The Safety Course

London Welch goes through the bike traffic safety course under the instruction of St. Helens Police Department Code Enforcement Officer Marimar Moreno.

As the weather gets warmer, more St. Helens residents will take to the streets by bike. But do they all know the rules of the road?

That’s just what the Bike Rodeo and Safety Fair addressed on Saturday, May 18. The fair, coordinated by Lynn Chiotti, secretary of the Columbia County Traffic Safety Commission, was designed to teach both children and parents the rules of the road and proper bicycle care.

According to Chiotti, 52 children showed up between the hours of 10 a.m. and 2 attend the event.

The idea for the fair came after the St. Helens Police Department (SHPD) noticed a need for more safety instruction regarding biking in traffic, according to Seann Luedke, SHPD officer.

“We've had an uptick in children-related calls about jumping in the road or riding in the road," Luedke said. "And at the beginning of this year, the Traffic Safety Commission asked how we could fix that."

The fair's main event included a bike safety course, which children went through under the supervision and instruction of an adult volunteer. But before they got to that point, children had to go through several other steps.

First, children registered, and their parents signed a waiver. After that, the participant was led to a table where he or she could pick a helmet and make sure it fit. The next step was to have their bike inspected. The bike inspection involved repairing the child’s bike, if needed, and to give their bike necessary items like better reflectors or lights.

Right before the course, children had their basic bike skills checked to ensure they were able to ride their bike. Then, they got to the course.

The course tested different skills that children need to know when traveling on the road by bike, according to volunteer Trinity Monahan.

“What we're doing here is we're trying to layer up skills,” Monahan said. “We’re going to give them kind of the basic stuff and then we're going to provide them the ability to kind of learn some new things.”

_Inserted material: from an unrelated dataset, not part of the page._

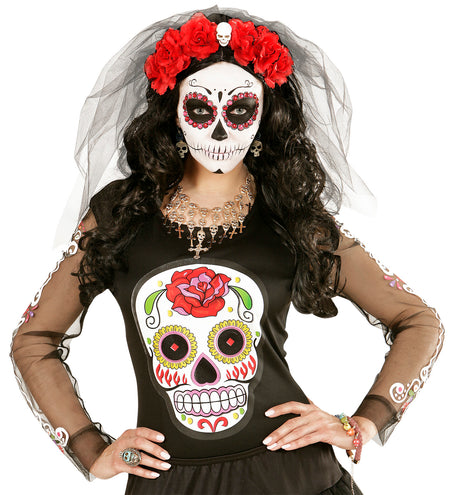 Schedeloorbel met roos bij zwart shirt met schedelprint, goudkleurige hangers voor een Day of the Dead-look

The first skill participants learned was how to brake properly, using the bike’s pedals and not their feet. From there, kids added the “stop” hand signal, which is where they motion to the ground using their left hand. The next step in the course covered biking in a straight line, even when checking over their shoulder for cars or people who might pass them on bikes.

The final step covered what to do at an intersection, and kids had to make sure they stopped at a stop sign and used the proper hand signals to indicate if they were going to turn left or right.

Monahan said he believes it is not just the kids who benefit from doing the course.

“It’s important to give the kids the skills and even more important for the parents to see these things so that they can then take these skills home and practice with their kids because the kids may not remember all of those things,” Monahan said.

In addition to the course, the fair also covered other aspects of bike safety.

Volunteer Alan Becker rambled around the fair wearing a bright vest with the words, “Saved by my Helmet” written on it. He told those who came up to him about the time he was in a bike accident and would have died had he not been wearing his helmet.

There were other stations too. One station covered proper procedure for stopping near a bus. One instructed parents about proper car seat usage. One booth, covered by representatives from the Oregon Department of Transportation, answered construction zone questions.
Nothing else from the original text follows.